For data center operators, incentives also deserve scrutiny. A 50% tax abatement can make projects pencil, but without clawbacks, job requirements, water caps, interconnection accountability, and environmental monitoring, the public may be subsidizing private returns without enough measurable local benefit.

Again, the choke point is not the protocol. It is the grid connection.

What serious operators should watch next

The useful question across all of these stories is not whether crypto is “early” or “mainstream.” It is where enforceable economic control sits.

For enforcement actions, watch whether freezes turn into court filings, forfeitures, convictions, and victim restitution. Wallet addresses and transaction flows matter. Without them, large coordination numbers are hard to evaluate.

For stock-perpetual arbitrage, watch open interest, order book depth, funding persistence, borrow costs, and regulatory treatment. A high annualized funding screenshot is not a strategy unless it survives execution, hedging, and scale.

For national exchange pilots, watch custody rules, fiat settlement, licensing, product limits, market-maker commitments, and whether local banks actually route flow. A government meeting is not liquidity.

For bank-app crypto access, watch spreads, withdrawal rights, client asset segregation, custody provider quality, and regulatory protections. Convenience is valuable, but opacity is expensive.

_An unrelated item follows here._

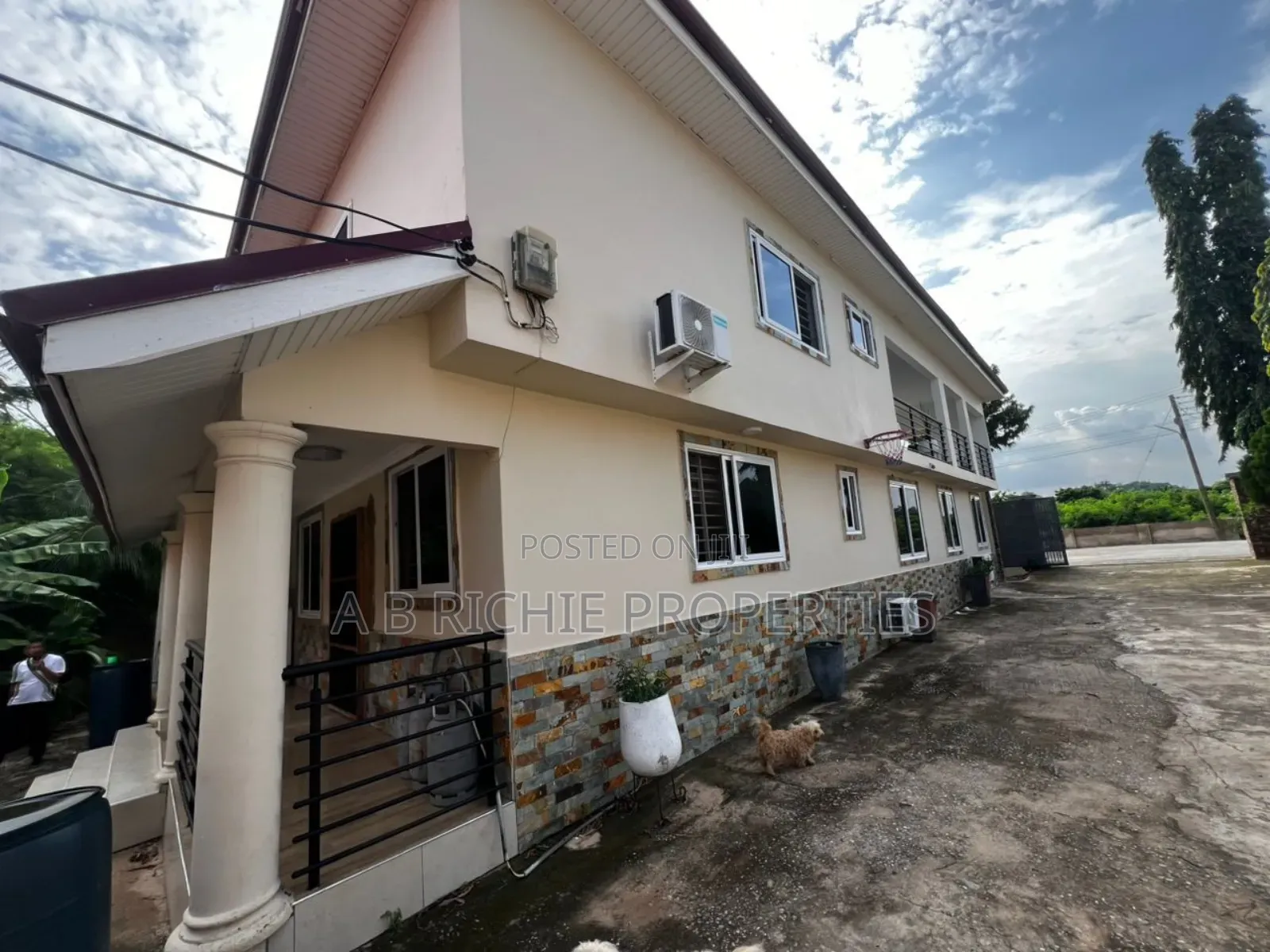 4bdrm House in Ab Richie Properties, Tseaddo for rent in Tseaddo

For payments chains, watch signed customers, live transaction volume, fee revenue, validator control, compliance architecture, and token value capture if a token exists. Stablecoins can be real without every stablecoin infrastructure pitch being investable.

For mining and data centers, watch ordinance text, ERCOT interconnection positions, water and noise monitoring, tax abatement clawbacks, and whether local restrictions spread beyond one municipality.

The market is not becoming less dependent on infrastructure. It is becoming more honest about which infrastructure matters. The winners will not be the projects with the cleanest narrative. They will be the ones with durable access to liquidity, compliant distribution, reliable custody, defensible economics, and the physical or regulatory permissions needed to keep operating when the hype moves on.